According to the market research firm Fortune Business Insights, the global SaaS market was worth  USD 237 billion in 2023. It is forecast to grow at an average annual rate of more than 18%, with a market value approaching USD 1 trillion in 2025.

However, as Raimond Seniut, a lawyer at NOOR, points out, the trend towards SaaS contracts raises a number of international tax issues for both software providers and buyers. One of the main issues is the nature of the payments received under a SaaS contract. This is important because it determines how income from a SaaS contract is taxed and whether such payments should be subject to tax exemption.

Characterisation: royalties or business income?

“With regard to payments under a SaaS contract, the most important question to answer is whether the payment qualifies as royalties (i.e. payment for the authorisation to use intellectual property rights) or as revenue for services? While it may seem straightforward to determine the nature of payments for software, in practice it can be difficult for a number of reasons. There are no clear guidelines on how income from a software contract should be classified in most countries, including Lithuania, especially if it is a SaaS contract”, said Seniut.

In Lithuania, as in many other countries around the world with which Lithuania has tax treaties, the Organisation for Economic Co-operation and Development (OECD) definition of royalties applies.

While this definition covers a wide range of payments, the law does not specifically mention “software”, let alone payments under a SaaS contract.

“To help taxpayers in this area, Lithuania has adopted the OECD’s ‘rights-based approach’ model, according to which payments for the right to use copyright are royalties and payments for copyrighted products, such as ready-to-use software, are income from the provision of services or the sale of products,” added Seinut.

Tax implications

In Lithuania, royalties are subject to a 10% withholding tax, i.e. the royalty payer must pay 10% of the royalty amount to the Lithuanian Tax Revenue Service. However, the amount of this withholding tax may be reduced under double taxation treaties already in place.
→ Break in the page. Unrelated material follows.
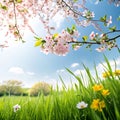 Spring background with grass and blue sky Royalty Free Stock Photo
Seinut explains, “On the other hand, if the income is classified as income from the sale of services or products, it would only be taxed in Lithuania if the seller has a permanent establishment in Lithuania. Therefore, if the supplier does not have a permanent establishment in Lithuania, such income will not be taxed in Lithuania and will not be subject to withholding tax.”

He stresses that if the buyer of the software does not apply the rules on withholding tax correctly, the buyer is liable for the unpaid tax, not the seller. In such a case, the buyer could also be penalised for late payment of the tax and for late filing of the relevant declarations (without being able to claim damages from the seller). For this reason, a buyer of software may be tempted to treat all payments under software contracts as royalties and to apply withholding tax, despite the fact that such payments may be treated as income from the supply of services or sale of products.

“On the other hand, the misclassification of payments as royalties by software vendors does not justify the application of the withholding tax provisions. The process of recovering incorrectly withheld tax is often lengthy and costly. There is also a risk of double taxation if the vendor’s home country classifies the payment as income from the supply of services or the sale of products and does not allow a foreign withholding tax credit,” added Seniut.

How to manage income tax withholding risks

The NOOR lawyer points out that when entering into SaaS contracts, it is important to discuss and spell out in detail the most important provisions of the contract, in particular the terms relating to the rights granted to the software, the method of delivery (electronic or otherwise), customisation options, additional services, and the payment terms.

“There is no doubt that the description of software payments is often complex and complicated. It requires special attention and legal assessment to mitigate the risks both at the contract negotiation stage and when there are doubts about the classification of individual payments. In this case, it is important to properly structure the provisions of the software supply contract and to assess the type of income to which the payments under the contract are attributed.”